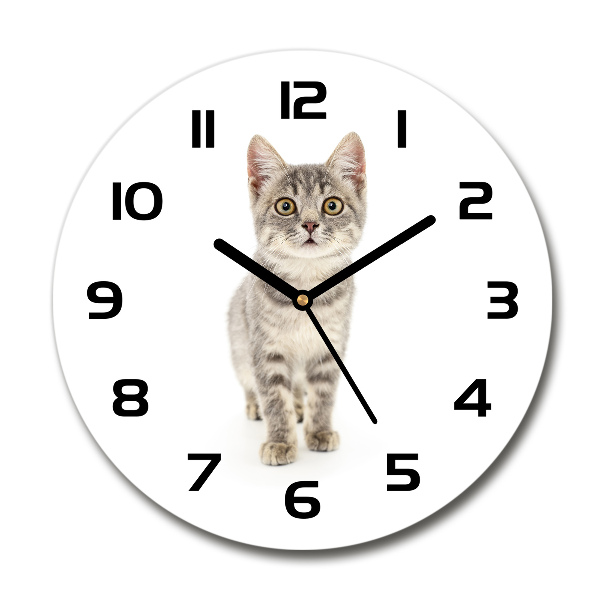 Orologio rotondo con motivo di gatto grigio
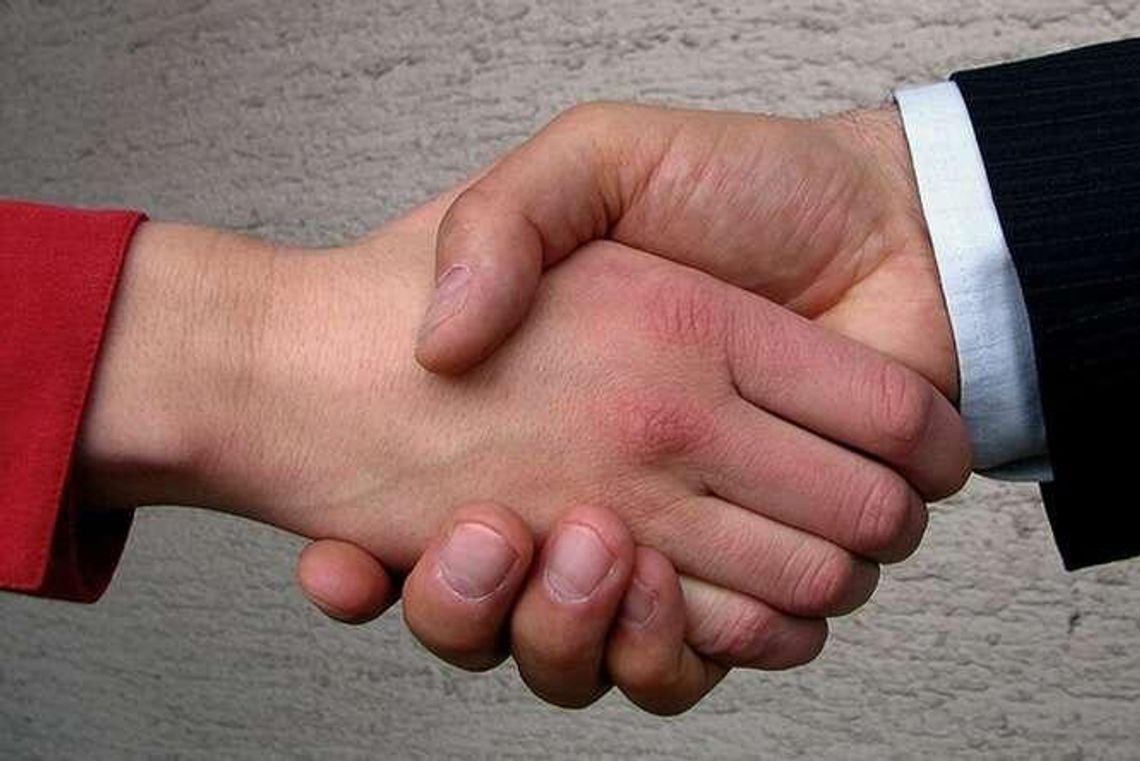 Kraśnik: Powstanie Młodzieżowa Rada Miasta Kraśnik: Powstanie Młodzieżowa Rada Miasta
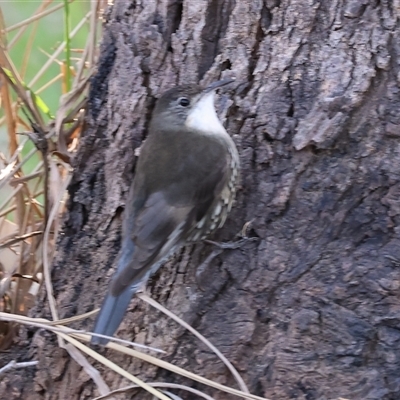 Cormobates leucophaea (White-throated Treecreeper) at Splitters Creek, NSW - 26 Sep 2024 by KylieWaldon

========

## AIM OF THE EXERCISE
Quote each line of the listing exactly, but leave the pictures out.

## TASK RESULT
 Orologio rotondo con motivo di gatto grigio
 Kraśnik: Powstanie Młodzieżowa Rada Miasta Kraśnik: Powstanie Młodzieżowa Rada Miasta
 Cormobates leucophaea (White-throated Treecreeper) at Splitters Creek, NSW - 26 Sep 2024 by KylieWaldon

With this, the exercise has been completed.